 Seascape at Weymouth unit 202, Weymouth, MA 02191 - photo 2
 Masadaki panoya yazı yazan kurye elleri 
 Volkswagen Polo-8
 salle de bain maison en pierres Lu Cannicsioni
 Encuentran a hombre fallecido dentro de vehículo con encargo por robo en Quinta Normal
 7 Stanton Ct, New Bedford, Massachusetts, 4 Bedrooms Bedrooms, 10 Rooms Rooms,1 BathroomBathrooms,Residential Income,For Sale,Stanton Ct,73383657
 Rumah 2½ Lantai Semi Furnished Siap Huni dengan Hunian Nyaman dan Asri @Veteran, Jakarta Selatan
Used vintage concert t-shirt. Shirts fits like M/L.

········

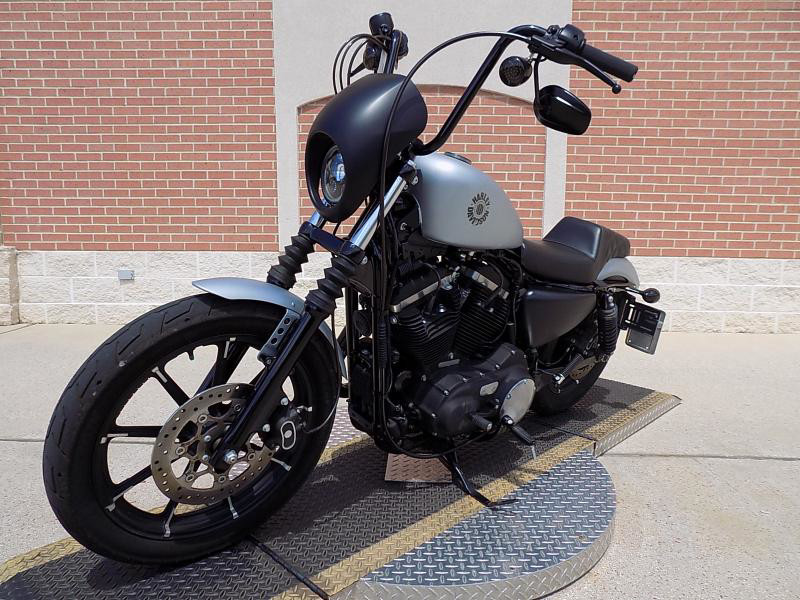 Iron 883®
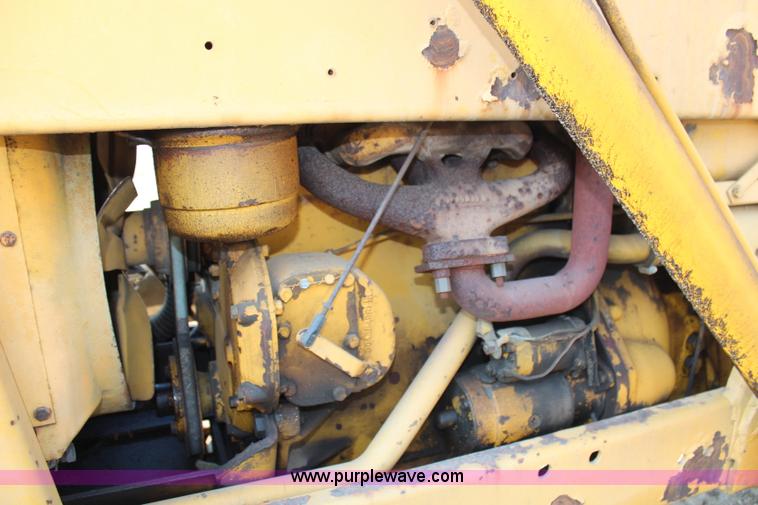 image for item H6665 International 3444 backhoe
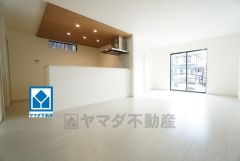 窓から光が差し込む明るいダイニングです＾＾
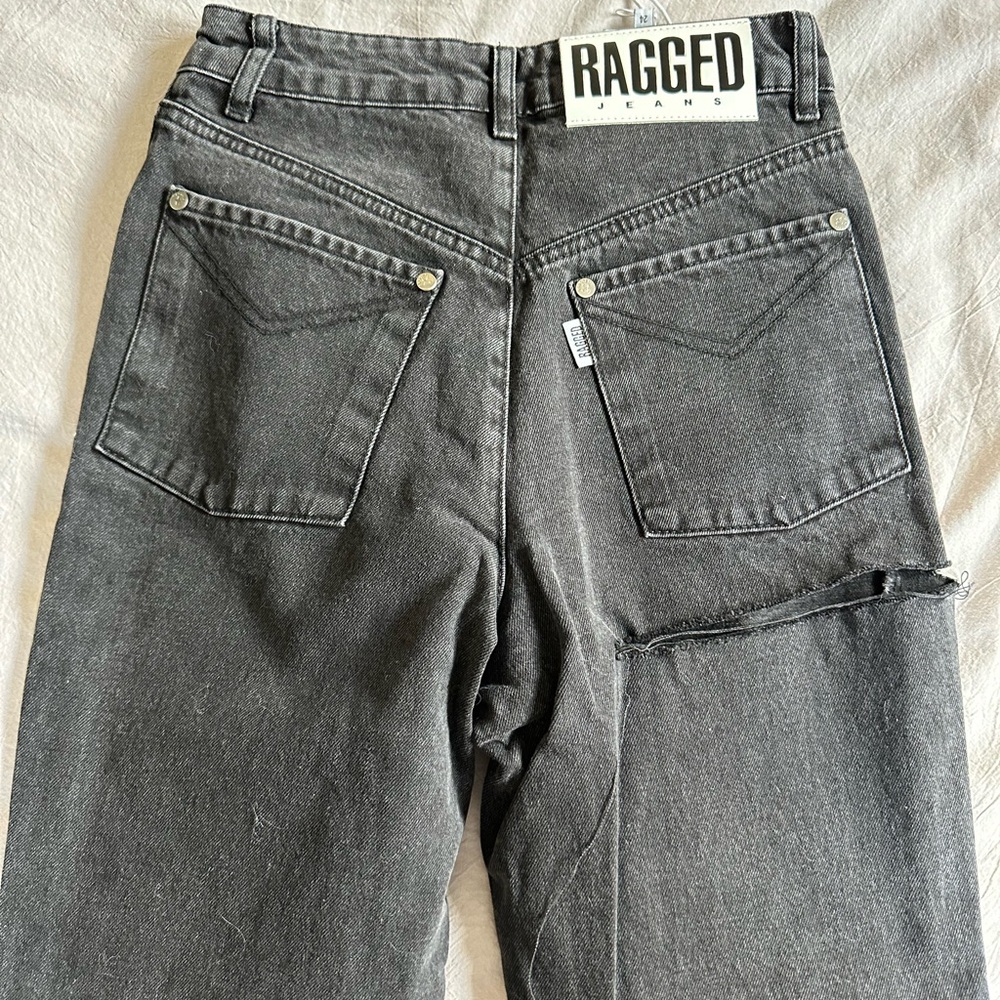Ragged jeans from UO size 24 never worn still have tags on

········

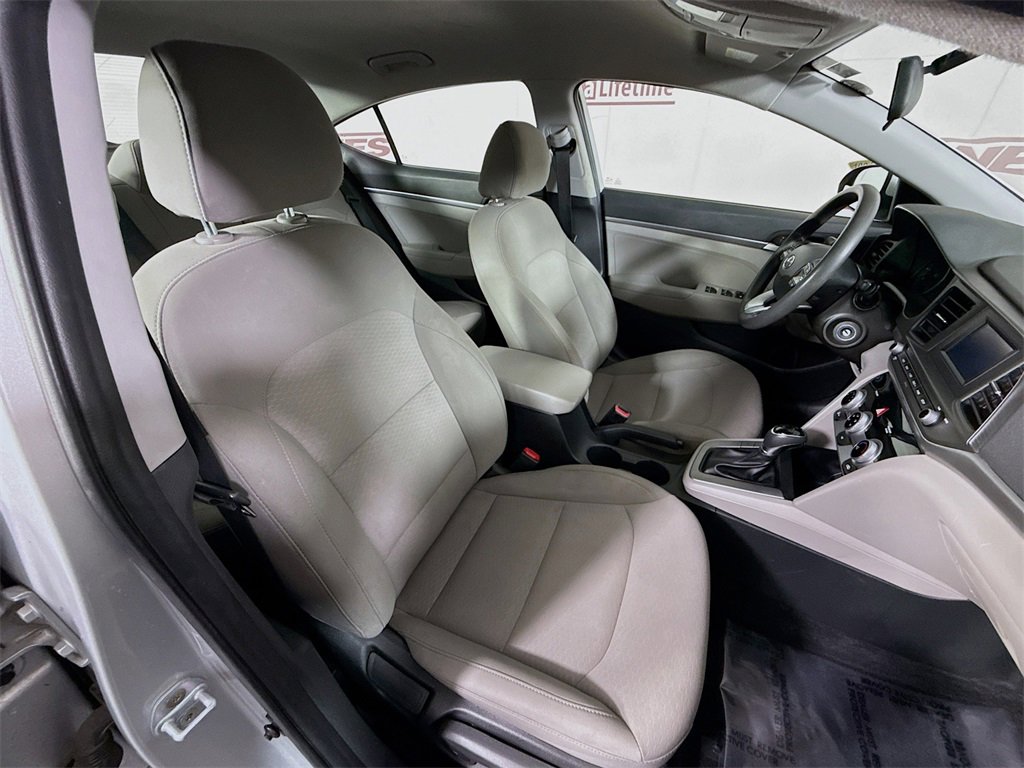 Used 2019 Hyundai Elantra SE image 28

········

◆ **AIM OF THE TASK**: I'd like the lines above from the one with "salle de bain" up to and including the one with "Rumah 2½ Lantai" copied exactly, with no other lines.

◆ **TASK ANSWER**:
 salle de bain maison en pierres Lu Cannicsioni
 Encuentran a hombre fallecido dentro de vehículo con encargo por robo en Quinta Normal
 7 Stanton Ct, New Bedford, Massachusetts, 4 Bedrooms Bedrooms, 10 Rooms Rooms,1 BathroomBathrooms,Residential Income,For Sale,Stanton Ct,73383657
 Rumah 2½ Lantai Semi Furnished Siap Huni dengan Hunian Nyaman dan Asri @Veteran, Jakarta Selatan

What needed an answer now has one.